Of the material below, the lines to be retyped are those from the line containing "Achari Idli" through the line containing "Los agujeros negros", inclusive; reproduce them exactly.

_DATA FOR PROCESSING_
== Segment start ==

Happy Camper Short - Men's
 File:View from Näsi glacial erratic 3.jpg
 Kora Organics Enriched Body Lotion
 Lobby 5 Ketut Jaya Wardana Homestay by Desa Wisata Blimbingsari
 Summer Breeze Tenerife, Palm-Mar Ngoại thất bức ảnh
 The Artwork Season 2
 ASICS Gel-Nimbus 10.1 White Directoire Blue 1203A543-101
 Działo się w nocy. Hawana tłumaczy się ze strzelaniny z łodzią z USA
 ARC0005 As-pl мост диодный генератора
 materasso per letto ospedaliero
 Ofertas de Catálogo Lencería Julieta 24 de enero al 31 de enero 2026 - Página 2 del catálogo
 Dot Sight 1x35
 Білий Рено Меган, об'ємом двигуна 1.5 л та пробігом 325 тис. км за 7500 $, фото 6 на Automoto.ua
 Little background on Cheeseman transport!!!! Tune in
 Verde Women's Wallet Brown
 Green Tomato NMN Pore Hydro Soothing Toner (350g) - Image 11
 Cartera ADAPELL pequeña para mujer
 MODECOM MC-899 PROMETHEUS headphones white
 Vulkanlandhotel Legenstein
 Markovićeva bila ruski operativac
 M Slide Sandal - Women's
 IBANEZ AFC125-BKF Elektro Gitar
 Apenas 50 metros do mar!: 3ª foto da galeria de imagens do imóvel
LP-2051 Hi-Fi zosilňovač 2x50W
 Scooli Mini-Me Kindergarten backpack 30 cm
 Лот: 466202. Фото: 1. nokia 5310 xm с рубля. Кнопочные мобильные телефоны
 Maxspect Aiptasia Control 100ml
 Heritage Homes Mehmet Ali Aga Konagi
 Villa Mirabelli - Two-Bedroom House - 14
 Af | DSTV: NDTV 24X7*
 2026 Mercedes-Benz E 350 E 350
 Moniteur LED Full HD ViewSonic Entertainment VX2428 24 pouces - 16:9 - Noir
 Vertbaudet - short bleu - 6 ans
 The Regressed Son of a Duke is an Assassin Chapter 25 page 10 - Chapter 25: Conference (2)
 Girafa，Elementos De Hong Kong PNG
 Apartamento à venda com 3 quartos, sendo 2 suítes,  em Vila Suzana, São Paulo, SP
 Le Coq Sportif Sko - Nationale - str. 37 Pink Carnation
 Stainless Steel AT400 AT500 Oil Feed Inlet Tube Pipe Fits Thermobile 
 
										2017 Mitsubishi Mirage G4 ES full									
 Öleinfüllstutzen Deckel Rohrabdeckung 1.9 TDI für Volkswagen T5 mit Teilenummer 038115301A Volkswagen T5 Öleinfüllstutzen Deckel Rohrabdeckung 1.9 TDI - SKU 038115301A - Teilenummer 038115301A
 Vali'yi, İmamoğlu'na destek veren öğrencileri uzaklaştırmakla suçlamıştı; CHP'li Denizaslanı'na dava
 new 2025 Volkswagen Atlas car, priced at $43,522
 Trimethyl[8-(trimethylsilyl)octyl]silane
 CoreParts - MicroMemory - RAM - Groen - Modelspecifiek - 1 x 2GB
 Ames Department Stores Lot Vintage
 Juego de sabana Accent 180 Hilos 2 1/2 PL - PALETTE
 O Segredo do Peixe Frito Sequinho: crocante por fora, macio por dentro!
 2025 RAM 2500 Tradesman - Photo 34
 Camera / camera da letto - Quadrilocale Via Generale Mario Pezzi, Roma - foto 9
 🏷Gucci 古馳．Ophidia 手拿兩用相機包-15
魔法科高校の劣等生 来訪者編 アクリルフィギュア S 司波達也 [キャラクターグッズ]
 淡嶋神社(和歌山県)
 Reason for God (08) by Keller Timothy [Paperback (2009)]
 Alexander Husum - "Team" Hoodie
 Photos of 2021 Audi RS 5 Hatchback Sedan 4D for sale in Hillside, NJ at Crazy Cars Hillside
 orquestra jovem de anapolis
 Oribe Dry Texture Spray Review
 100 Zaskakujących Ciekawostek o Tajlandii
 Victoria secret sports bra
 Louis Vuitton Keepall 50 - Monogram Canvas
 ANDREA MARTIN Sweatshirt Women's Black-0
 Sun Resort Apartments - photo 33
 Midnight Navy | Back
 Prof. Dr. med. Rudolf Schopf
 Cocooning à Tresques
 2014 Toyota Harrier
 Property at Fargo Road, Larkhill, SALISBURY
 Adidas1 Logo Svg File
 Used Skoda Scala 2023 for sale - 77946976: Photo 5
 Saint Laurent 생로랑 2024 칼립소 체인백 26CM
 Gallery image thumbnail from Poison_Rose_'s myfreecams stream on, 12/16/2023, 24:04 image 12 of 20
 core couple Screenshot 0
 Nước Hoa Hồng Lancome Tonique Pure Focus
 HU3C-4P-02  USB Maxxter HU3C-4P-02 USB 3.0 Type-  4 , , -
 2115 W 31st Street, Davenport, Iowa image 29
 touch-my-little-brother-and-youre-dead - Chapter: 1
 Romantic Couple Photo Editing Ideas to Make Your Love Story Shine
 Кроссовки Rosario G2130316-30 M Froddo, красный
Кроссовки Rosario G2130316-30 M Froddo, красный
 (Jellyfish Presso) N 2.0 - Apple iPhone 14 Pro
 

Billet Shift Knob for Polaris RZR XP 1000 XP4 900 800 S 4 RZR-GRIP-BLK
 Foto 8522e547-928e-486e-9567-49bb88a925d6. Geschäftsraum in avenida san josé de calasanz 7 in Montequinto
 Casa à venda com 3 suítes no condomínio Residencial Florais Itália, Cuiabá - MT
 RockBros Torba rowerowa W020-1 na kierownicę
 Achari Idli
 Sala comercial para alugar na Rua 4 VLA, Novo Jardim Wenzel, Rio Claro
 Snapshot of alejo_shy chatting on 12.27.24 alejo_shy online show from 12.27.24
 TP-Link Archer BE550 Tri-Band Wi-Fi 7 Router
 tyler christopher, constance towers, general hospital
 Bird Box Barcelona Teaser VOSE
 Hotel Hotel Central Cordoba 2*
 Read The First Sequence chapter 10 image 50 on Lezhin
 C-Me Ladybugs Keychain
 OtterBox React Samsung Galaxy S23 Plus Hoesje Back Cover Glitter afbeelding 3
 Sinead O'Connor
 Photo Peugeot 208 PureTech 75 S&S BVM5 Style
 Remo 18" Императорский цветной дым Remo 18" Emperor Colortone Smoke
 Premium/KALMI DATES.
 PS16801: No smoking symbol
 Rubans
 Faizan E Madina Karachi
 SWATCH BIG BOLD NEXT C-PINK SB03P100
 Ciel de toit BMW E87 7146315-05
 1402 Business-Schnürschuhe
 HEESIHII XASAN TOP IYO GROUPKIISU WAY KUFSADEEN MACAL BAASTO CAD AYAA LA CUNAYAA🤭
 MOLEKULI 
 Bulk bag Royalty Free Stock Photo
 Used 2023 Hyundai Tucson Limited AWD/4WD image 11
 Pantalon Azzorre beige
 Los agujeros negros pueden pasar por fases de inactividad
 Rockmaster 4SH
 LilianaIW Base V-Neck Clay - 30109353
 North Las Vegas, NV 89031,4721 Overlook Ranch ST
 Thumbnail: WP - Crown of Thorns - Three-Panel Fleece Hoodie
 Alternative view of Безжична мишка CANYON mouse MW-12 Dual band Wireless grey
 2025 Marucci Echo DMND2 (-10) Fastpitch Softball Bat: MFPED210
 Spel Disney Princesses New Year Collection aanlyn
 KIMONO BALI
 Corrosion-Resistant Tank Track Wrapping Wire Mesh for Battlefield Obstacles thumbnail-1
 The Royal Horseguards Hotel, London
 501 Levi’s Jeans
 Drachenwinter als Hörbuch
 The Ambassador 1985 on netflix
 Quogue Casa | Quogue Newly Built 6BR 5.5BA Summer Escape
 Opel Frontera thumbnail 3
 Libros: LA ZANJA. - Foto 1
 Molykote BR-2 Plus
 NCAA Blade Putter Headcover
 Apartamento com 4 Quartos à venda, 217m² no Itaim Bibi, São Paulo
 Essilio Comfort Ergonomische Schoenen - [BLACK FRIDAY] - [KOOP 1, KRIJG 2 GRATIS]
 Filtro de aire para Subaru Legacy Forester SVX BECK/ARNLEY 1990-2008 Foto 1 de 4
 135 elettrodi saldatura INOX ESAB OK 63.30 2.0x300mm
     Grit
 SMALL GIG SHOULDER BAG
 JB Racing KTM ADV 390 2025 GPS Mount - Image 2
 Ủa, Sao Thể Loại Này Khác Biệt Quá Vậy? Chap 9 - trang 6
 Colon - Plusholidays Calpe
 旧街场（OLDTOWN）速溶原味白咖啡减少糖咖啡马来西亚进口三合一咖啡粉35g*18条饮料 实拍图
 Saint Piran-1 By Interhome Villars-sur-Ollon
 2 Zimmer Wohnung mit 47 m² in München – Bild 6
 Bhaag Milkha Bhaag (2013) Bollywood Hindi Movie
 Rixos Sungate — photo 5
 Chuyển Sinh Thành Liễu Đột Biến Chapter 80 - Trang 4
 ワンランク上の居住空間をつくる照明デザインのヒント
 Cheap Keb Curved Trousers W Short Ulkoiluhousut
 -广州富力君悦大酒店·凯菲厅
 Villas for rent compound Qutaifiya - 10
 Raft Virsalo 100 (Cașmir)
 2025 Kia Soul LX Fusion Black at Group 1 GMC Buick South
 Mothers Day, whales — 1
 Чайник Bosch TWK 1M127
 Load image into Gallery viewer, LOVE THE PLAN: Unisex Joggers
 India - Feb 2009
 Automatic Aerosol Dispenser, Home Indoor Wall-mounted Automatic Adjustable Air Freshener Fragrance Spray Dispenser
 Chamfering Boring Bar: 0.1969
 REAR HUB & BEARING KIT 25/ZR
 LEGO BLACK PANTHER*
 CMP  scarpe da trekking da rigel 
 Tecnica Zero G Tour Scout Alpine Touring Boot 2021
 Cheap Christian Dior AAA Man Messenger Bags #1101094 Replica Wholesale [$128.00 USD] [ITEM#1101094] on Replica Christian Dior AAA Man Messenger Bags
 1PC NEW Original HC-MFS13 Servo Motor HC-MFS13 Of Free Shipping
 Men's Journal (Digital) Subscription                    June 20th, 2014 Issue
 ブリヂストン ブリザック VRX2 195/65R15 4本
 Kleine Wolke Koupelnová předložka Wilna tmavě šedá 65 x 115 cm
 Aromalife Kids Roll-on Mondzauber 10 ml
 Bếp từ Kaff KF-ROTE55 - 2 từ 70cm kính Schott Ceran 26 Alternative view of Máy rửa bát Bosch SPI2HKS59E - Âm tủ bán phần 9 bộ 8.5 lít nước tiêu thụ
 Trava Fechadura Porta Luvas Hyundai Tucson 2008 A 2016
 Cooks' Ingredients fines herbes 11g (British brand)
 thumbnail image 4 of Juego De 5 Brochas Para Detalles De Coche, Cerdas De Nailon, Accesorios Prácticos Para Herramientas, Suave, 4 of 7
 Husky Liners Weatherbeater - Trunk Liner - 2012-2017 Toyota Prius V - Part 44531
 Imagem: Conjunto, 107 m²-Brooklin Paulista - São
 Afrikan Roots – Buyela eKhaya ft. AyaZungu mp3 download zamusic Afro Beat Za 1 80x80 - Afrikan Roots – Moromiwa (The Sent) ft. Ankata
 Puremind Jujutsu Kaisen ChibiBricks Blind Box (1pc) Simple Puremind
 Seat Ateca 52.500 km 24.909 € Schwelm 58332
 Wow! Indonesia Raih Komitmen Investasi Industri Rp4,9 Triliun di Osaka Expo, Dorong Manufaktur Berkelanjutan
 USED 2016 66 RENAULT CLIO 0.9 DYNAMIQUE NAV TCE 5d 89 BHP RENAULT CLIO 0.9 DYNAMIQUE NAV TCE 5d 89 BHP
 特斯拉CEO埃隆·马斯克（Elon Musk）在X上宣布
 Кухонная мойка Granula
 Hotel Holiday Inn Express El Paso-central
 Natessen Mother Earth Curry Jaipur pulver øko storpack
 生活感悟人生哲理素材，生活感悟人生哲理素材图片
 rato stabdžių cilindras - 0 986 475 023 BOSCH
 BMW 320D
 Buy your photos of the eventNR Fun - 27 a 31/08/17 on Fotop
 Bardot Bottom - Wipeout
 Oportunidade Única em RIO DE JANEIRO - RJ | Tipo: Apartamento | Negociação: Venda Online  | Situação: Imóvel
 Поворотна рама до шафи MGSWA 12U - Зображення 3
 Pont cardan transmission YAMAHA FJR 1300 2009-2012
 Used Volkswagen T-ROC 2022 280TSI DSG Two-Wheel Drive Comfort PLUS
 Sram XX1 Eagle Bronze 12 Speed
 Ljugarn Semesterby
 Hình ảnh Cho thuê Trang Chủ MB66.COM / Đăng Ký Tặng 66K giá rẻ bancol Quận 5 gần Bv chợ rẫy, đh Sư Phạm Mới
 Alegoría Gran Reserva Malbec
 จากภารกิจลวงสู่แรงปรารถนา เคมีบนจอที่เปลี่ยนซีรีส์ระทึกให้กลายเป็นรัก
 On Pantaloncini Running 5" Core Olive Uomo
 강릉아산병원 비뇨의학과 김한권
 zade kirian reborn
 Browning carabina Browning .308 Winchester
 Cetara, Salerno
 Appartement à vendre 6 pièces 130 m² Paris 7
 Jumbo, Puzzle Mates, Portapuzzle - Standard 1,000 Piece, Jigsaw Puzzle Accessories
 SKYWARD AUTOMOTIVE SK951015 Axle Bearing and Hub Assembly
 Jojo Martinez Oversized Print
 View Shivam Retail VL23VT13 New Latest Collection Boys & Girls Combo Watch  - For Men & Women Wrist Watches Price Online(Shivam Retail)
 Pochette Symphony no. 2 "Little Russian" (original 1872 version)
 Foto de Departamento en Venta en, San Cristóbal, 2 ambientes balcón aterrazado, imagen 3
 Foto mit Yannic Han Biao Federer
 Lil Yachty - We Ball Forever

== Segment end ==

_YOUR RESPONSE_
 Achari Idli
 Sala comercial para alugar na Rua 4 VLA, Novo Jardim Wenzel, Rio Claro
 Snapshot of alejo_shy chatting on 12.27.24 alejo_shy online show from 12.27.24
 TP-Link Archer BE550 Tri-Band Wi-Fi 7 Router
 tyler christopher, constance towers, general hospital
 Bird Box Barcelona Teaser VOSE
 Hotel Hotel Central Cordoba 2*
 Read The First Sequence chapter 10 image 50 on Lezhin
 C-Me Ladybugs Keychain
 OtterBox React Samsung Galaxy S23 Plus Hoesje Back Cover Glitter afbeelding 3
 Sinead O'Connor
 Photo Peugeot 208 PureTech 75 S&S BVM5 Style
 Remo 18" Императорский цветной дым Remo 18" Emperor Colortone Smoke
 Premium/KALMI DATES.
 PS16801: No smoking symbol
 Rubans
 Faizan E Madina Karachi
 SWATCH BIG BOLD NEXT C-PINK SB03P100
 Ciel de toit BMW E87 7146315-05
 1402 Business-Schnürschuhe
 HEESIHII XASAN TOP IYO GROUPKIISU WAY KUFSADEEN MACAL BAASTO CAD AYAA LA CUNAYAA🤭
 MOLEKULI 
 Bulk bag Royalty Free Stock Photo
 Used 2023 Hyundai Tucson Limited AWD/4WD image 11
 Pantalon Azzorre beige
 Los agujeros negros pueden pasar por fases de inactividad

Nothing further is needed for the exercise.